Only 32 (8.35%) Indian papers received external funding, which collectively garnered 205 citations, averaging 6.41 CPP. The primary funding agencies were national and international, with the Ministry of Electronics and Information Technology, India, being the most frequent contributor (three papers). Other key agencies included the University Grants Commission and the Department of Science and Technology, India, each supporting two papers.

Leading organizations

The top five organizations collectively contributed 200 papers (13.63%) and accounted for a significant 51.57% of total citations. In terms of productivity, SRM Institute of Science and Technology, Chennai (26 papers), and Vellore Institute of Technology, Vellore (13 papers) were the most prolific. For citation impact (CPP), GLA University, Mathura, stood out with a high CPP of 49.0, followed by Chandigarh University, Punjab (21.47 CPP). The analysis also highlights strong collaboration networks, with KLE Deemed to be University, Belgaum, showing the highest total link strength (TLS) (51 TLS), indicating its role as a key collaborator. The top six most productive and impactful organizations have been presented in Table 3.

Table 3: Six most productive and impactful Indian organizations contributing to the publications related to healthcare imaging.

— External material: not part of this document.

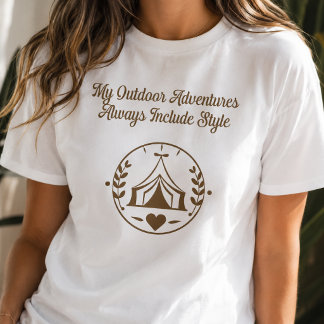 Camiseta Mis aventuras al aire libre siempre incluyen estil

S. No.	Name of the organization	TP	TP%	TC	CPP	TLS
Six most productive organizations
1	SRM Institute of Science and Technology, Chennai	26	6.79	59	2.27	17
2	Vellore Institute of Technology, Vellore	13	3.39	56	4.31	3
3	KLE Deemed to be University, Belgaum	12	3.13	50	4.17	51
4	Chandigarh University, Punjab	11	2.87	234	21.27	11
5	Delhi Technological University, New Delhi	10	2.61	116	11.60	8
6	JAIN (Deemed to be a university), Bangalore	9	2.35	1	0.11	26
Six most impactful organizations
1	GLA University, Mathura	5	1.31	245	49.00	13
2	Chandigarh University, Punjab	11	2.87	234	21.27	11
3	Indian Institute of Technology Madras	5	1.31	98	19.60	3
4	Delhi Technological University, New Delhi	10	2.61	116	11.60	8
5	National Institute of Technology, Patna	7	1.83	61	8.71	12
6	Lovely Professional University	5	1.31	43	8.60	10

TP: Total papers, TC: Total citations, CPP: Citations per paper, TLS: Total link strength

This concentration of research output and impact among a few institutions suggests a need to strengthen partnerships to enhance India’s collective research presence.

In the co-authorship network of leading Indian institutions, the VOSviewer software revealed a dual structure of collaboration [Figure 3]. While 17 institutions have formed collaborative links, creating distinct clusters, five have remained isolated, highlighting an uneven distribution of engagement. The analysis identified several key clusters, including Cluster 1, led by SRM Institute of Science and Technology, Kattankulathur (TLS = 17), occupying a central and dominant position in the network, serving as a key hub in Indian research collaboration and represented by its large node size and multiple connecting links. The Vellore Institute of Technology (TLS = 51), KLE Deemed to be University, and Manipal University also show significant activity, with exceptional collaborative intensity (TLS = 51), reflecting extensive partnerships across institutions despite relatively moderate publication volume. The diverse interconnections suggest healthy interdisciplinary and inter-institutional engagements among India’s leading technological and higher education institutions. Indicating its role as a key collaborator.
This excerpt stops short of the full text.